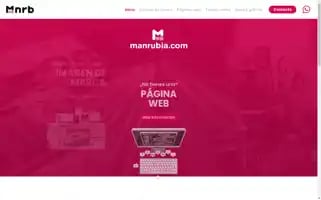 Manrubia.com Screenshot 2024-06-16 12:23:01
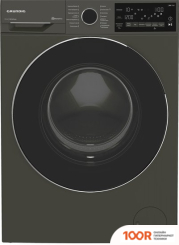 Grundig GW7P77H21A (267778)
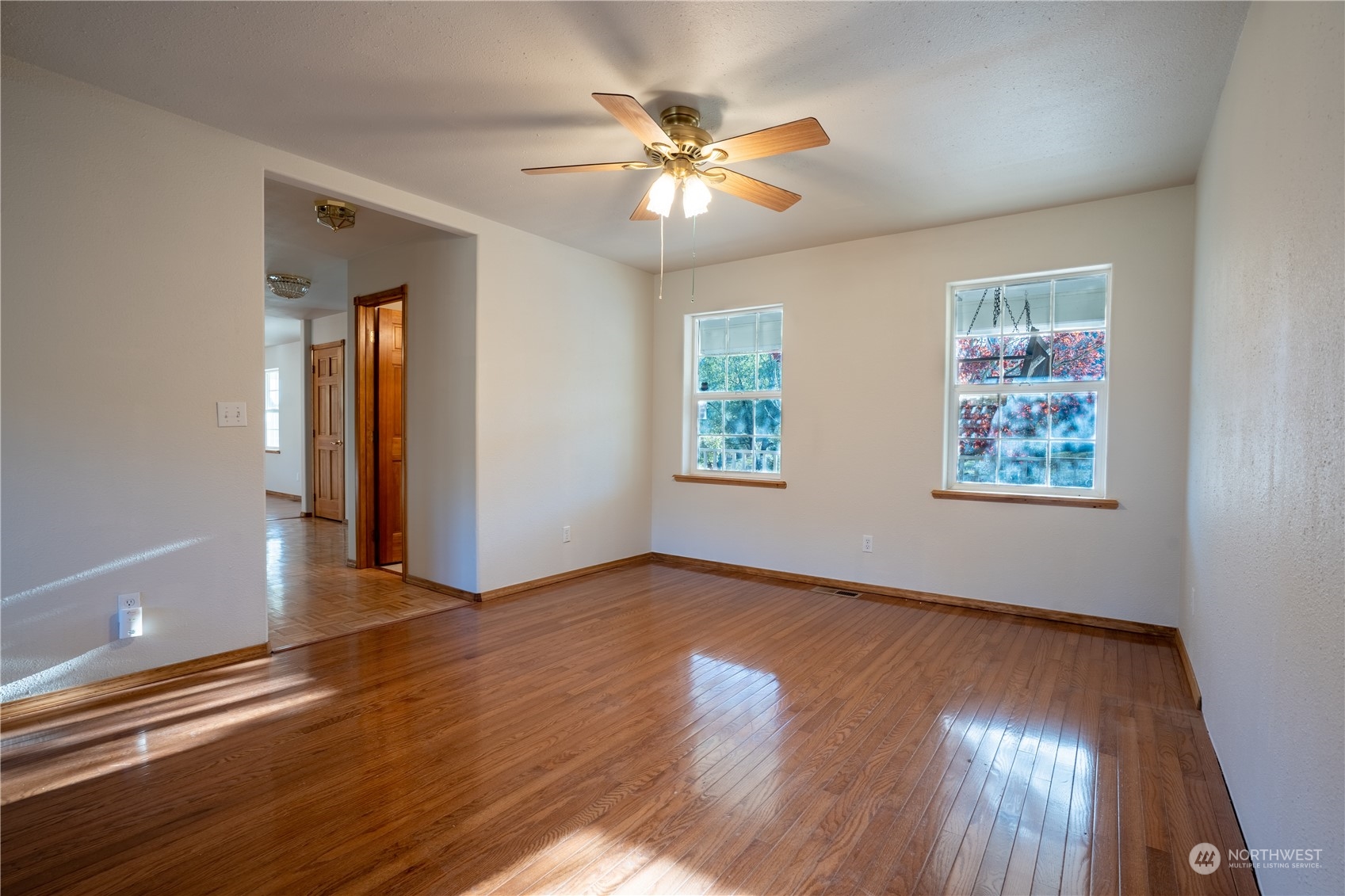732 Satsop Road Property Photo 6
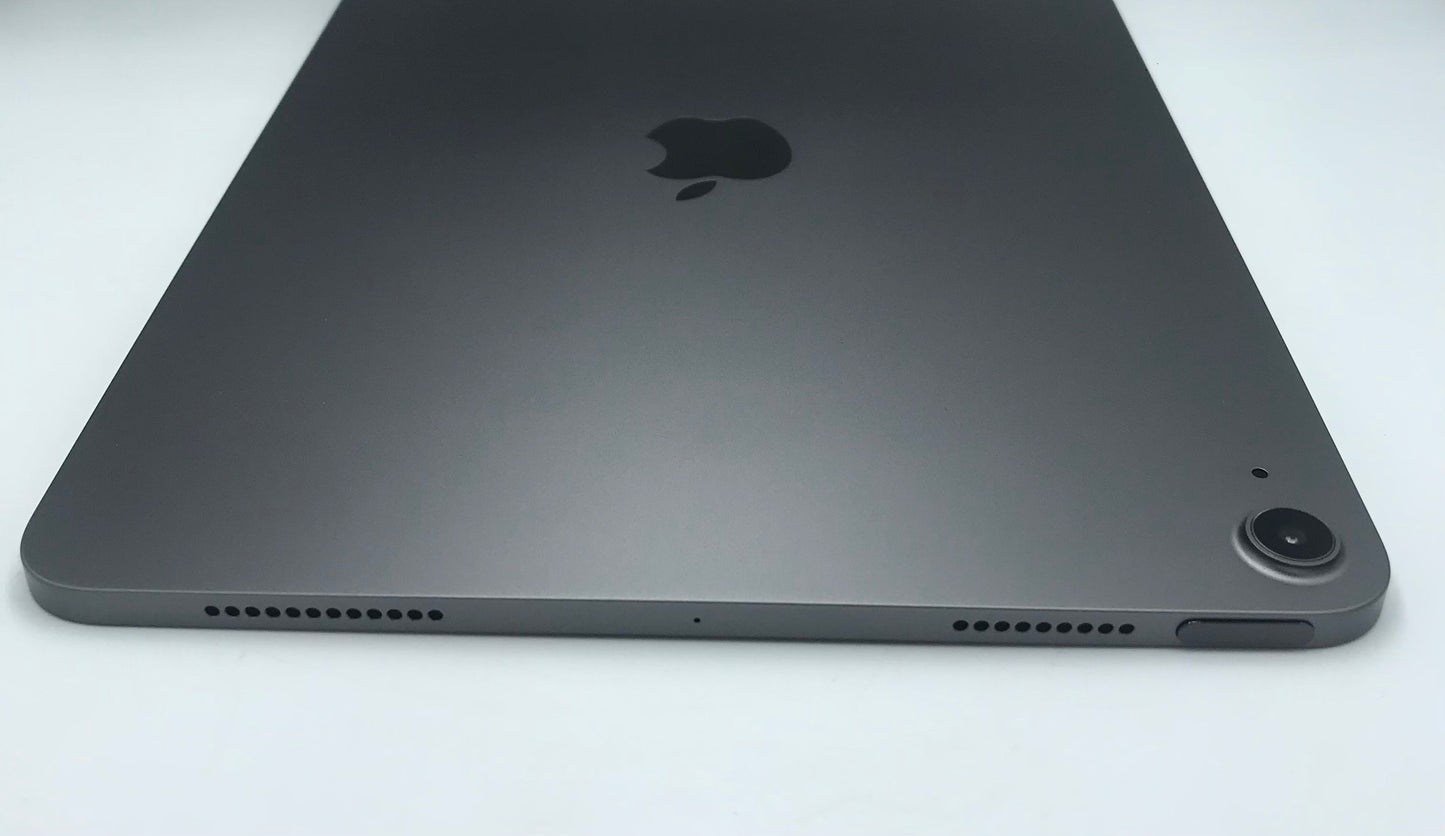 iPad Air 5th Gen (Producto Único)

****************

All of the data above needs to be retyped exactly, with the pictures removed.

Task solution:
 Manrubia.com Screenshot 2024-06-16 12:23:01
 Grundig GW7P77H21A (267778)
732 Satsop Road Property Photo 6
 iPad Air 5th Gen (Producto Único)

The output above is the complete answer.